Retype the material that follows exactly, limited to the lines from the one with "作曲:陈怡 唱法:通俗歌曲 语种 : 国语歌曲谱 在《一剪梅》简谱图片上" through the one with "Сделай паузу, сука", and keep out all pictures.

--- Records for this exercise ---

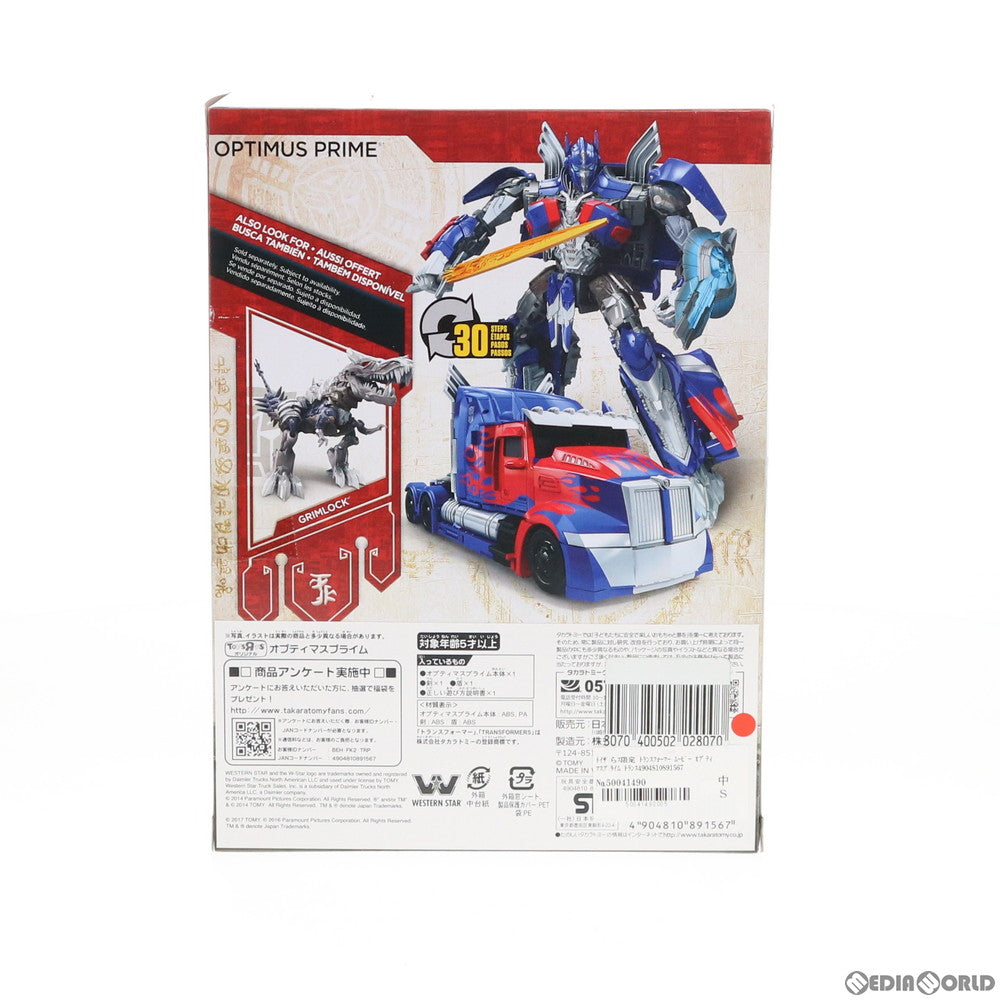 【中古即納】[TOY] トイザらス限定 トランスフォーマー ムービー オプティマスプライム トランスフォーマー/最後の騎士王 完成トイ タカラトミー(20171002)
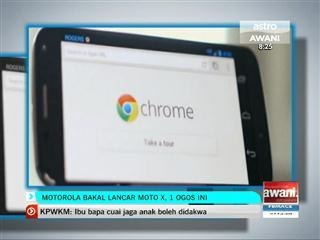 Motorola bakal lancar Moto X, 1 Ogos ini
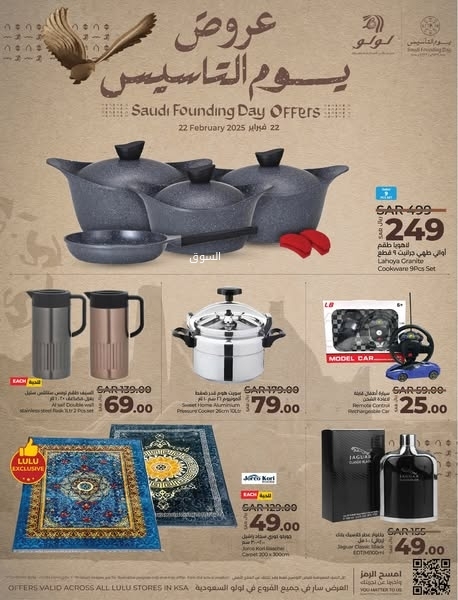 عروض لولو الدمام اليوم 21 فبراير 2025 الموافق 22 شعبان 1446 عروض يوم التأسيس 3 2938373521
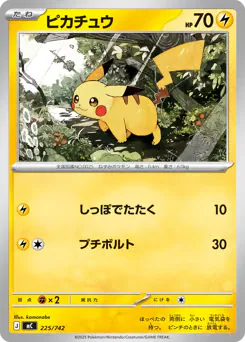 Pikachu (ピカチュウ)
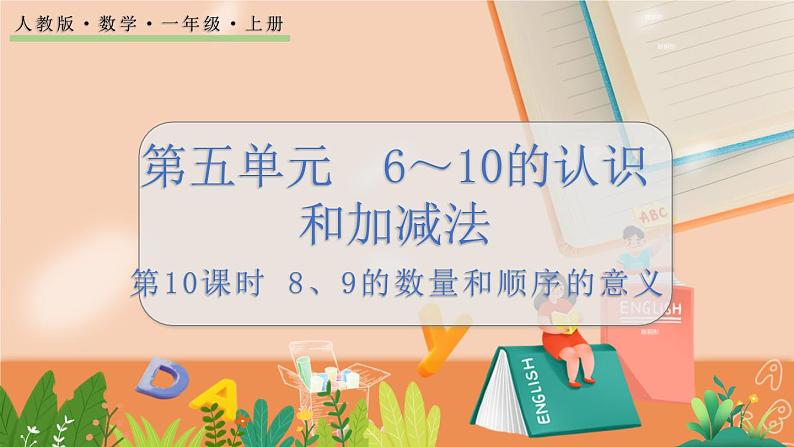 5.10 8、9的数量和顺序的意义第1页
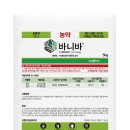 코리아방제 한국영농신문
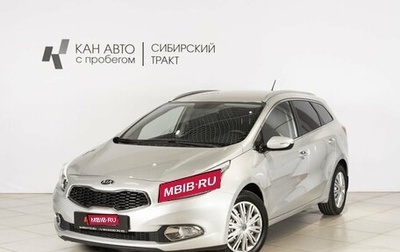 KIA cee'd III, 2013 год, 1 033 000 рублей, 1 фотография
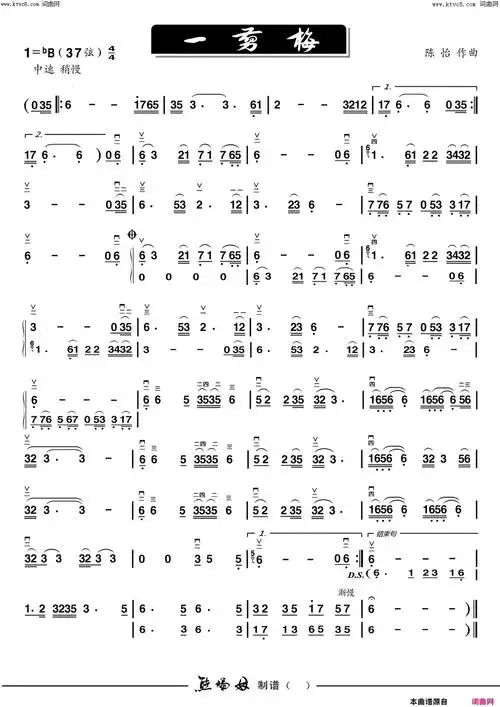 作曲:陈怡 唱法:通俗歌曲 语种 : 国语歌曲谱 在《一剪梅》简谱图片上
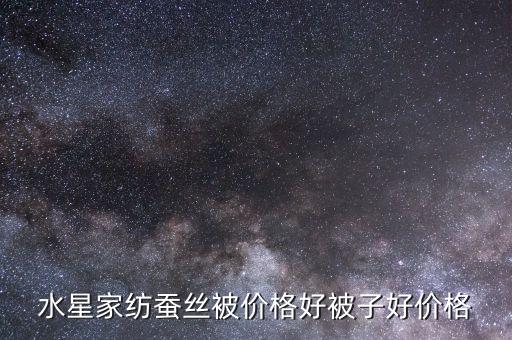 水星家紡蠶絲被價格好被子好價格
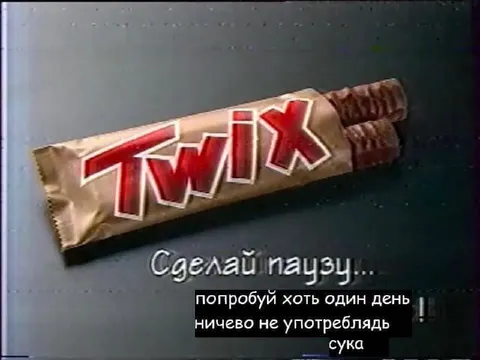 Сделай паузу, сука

---
--- Records for this exercise ---

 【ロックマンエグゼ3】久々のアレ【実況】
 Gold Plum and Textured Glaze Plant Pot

---
--- Records for this exercise ---

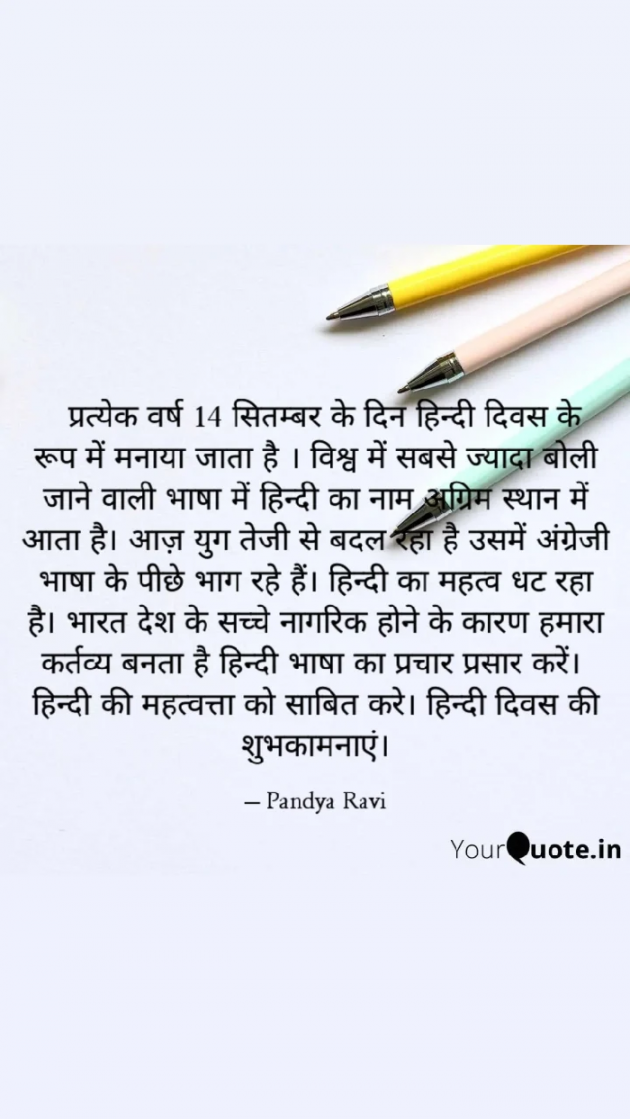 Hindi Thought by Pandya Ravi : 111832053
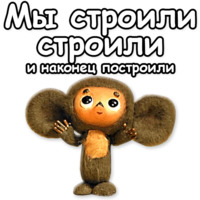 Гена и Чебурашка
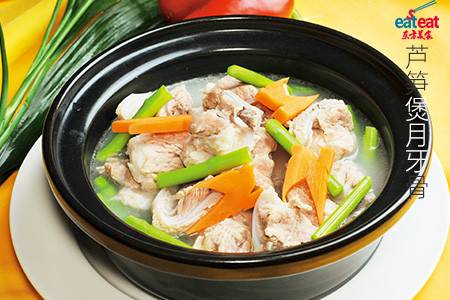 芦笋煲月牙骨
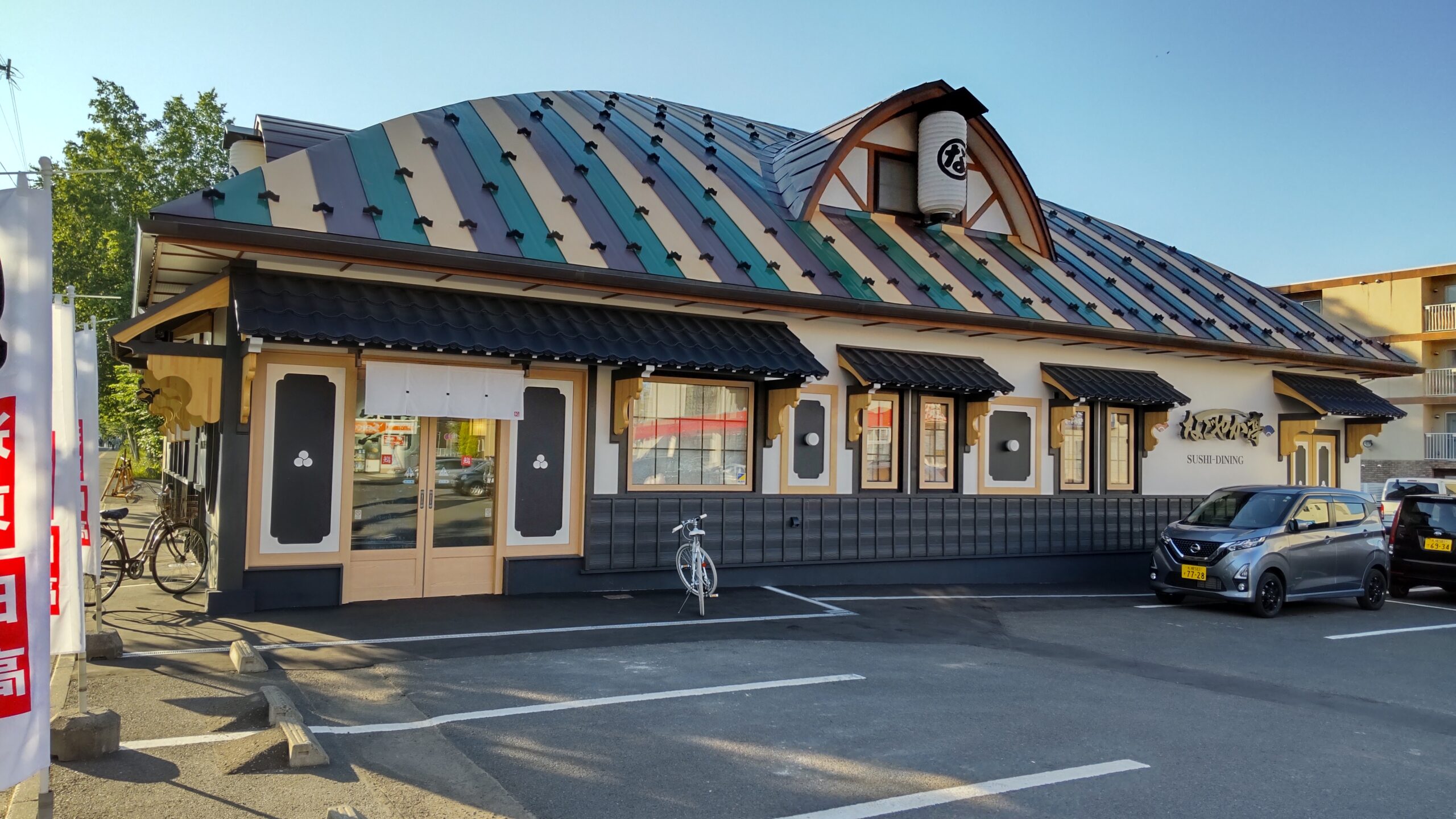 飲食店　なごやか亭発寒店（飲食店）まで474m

---

Result for this task –
 作曲:陈怡 唱法:通俗歌曲 语种 : 国语歌曲谱 在《一剪梅》简谱图片上
 水星家紡蠶絲被價格好被子好價格
 Сделай паузу, сука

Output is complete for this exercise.